Material shown:
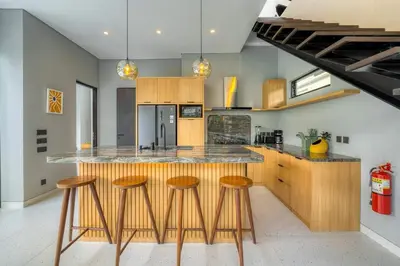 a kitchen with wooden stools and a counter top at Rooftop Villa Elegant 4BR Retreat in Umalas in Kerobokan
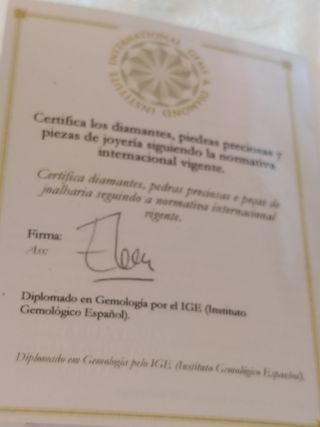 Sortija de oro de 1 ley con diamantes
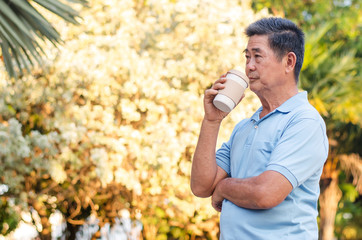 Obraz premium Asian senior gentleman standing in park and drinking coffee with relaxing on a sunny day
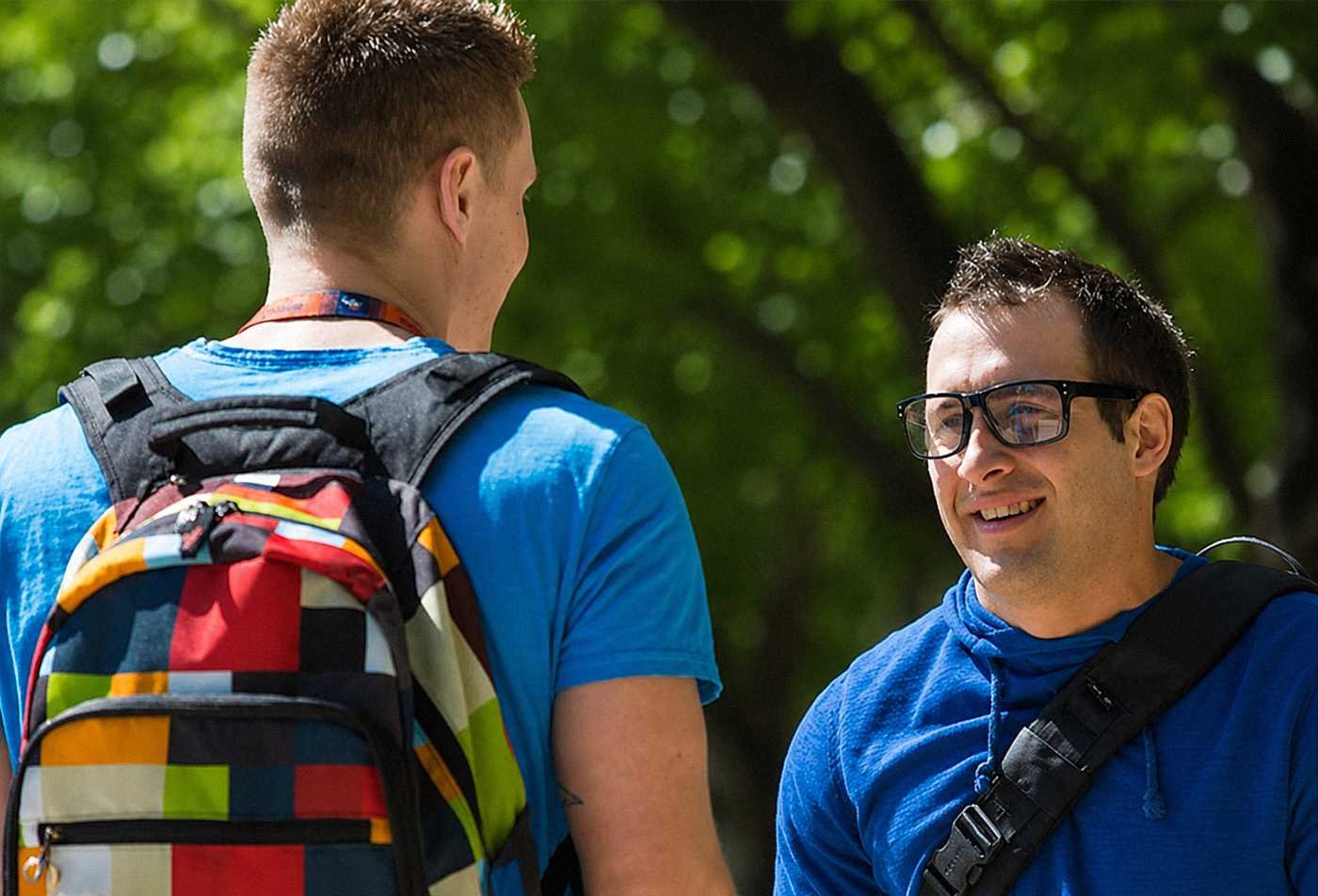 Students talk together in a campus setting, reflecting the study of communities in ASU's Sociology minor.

* * *

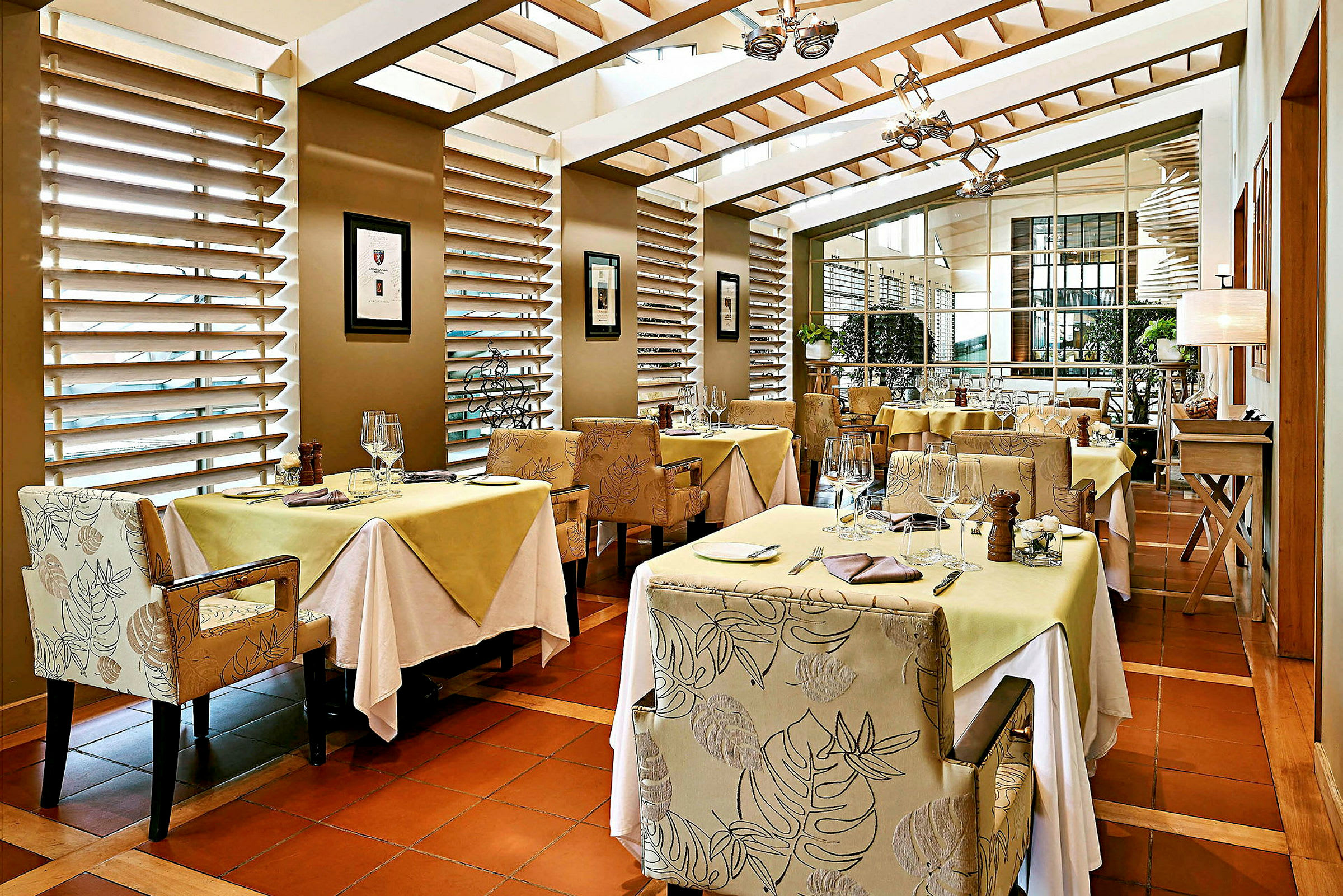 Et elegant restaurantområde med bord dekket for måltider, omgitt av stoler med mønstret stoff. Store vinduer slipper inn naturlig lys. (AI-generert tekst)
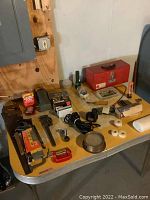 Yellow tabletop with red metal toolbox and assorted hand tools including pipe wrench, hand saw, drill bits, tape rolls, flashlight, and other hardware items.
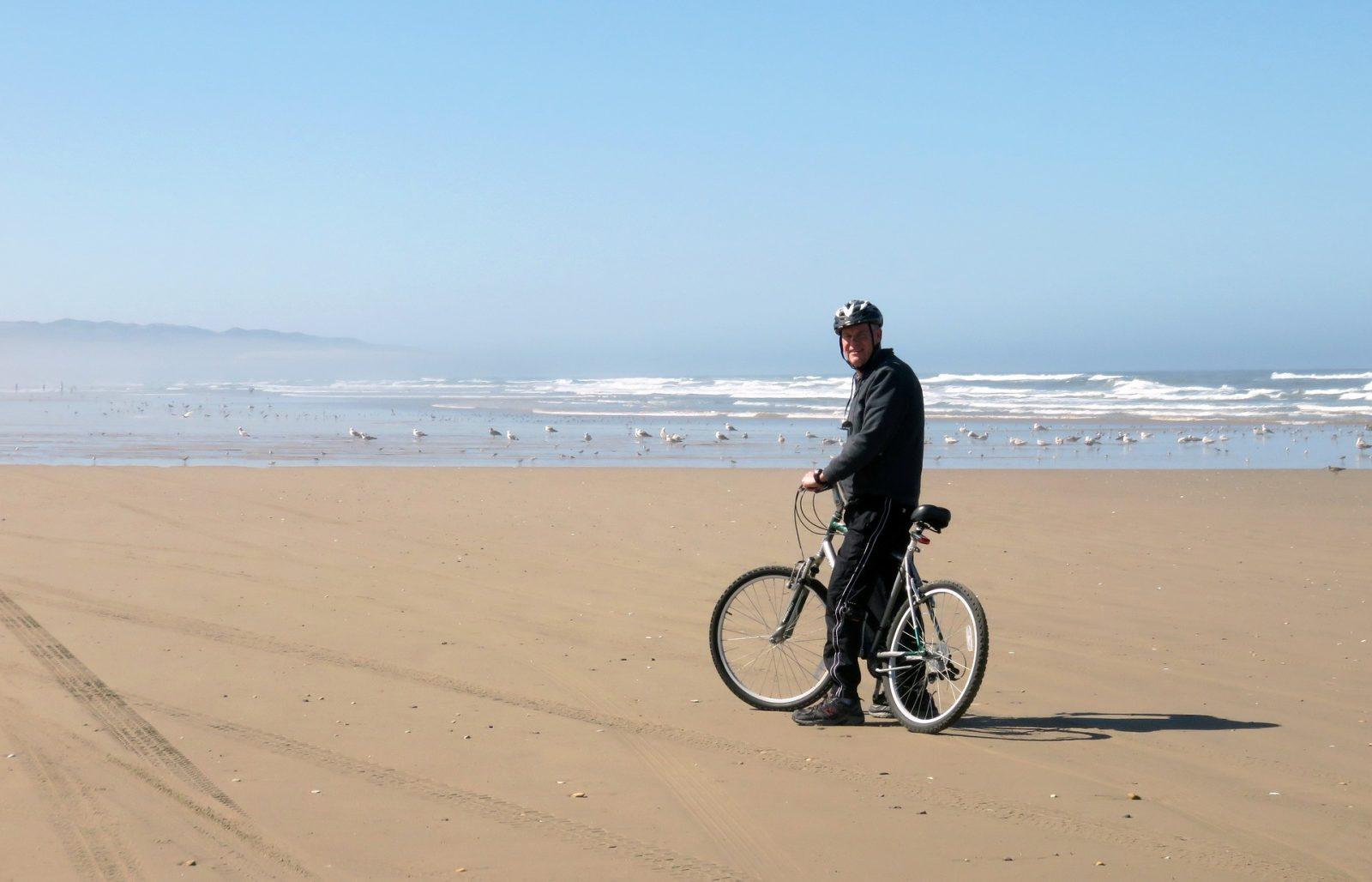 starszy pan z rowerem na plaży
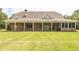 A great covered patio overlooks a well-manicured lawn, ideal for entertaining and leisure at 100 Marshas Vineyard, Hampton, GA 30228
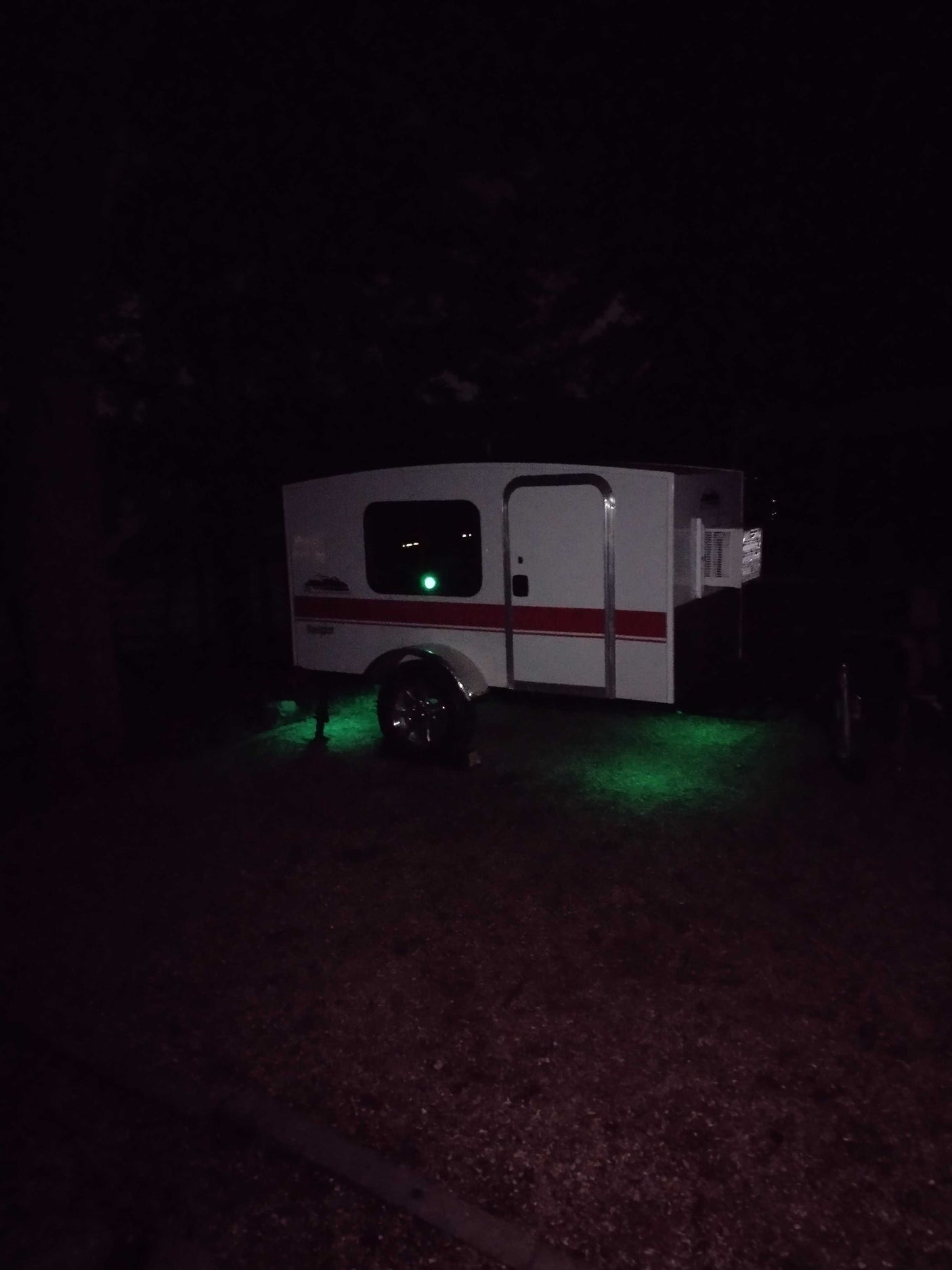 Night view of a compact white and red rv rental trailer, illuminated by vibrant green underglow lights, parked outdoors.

Assigned task: A clean copy is needed of the lines above from the one with "a kitchen with" up to and including the one with "Students talk together". Please set it down exactly, with no pictures.

Result:
 a kitchen with wooden stools and a counter top at Rooftop Villa Elegant 4BR Retreat in Umalas in Kerobokan
 Sortija de oro de 1 ley con diamantes
 Obraz premium Asian senior gentleman standing in park and drinking coffee with relaxing on a sunny day
 Students talk together in a campus setting, reflecting the study of communities in ASU's Sociology minor.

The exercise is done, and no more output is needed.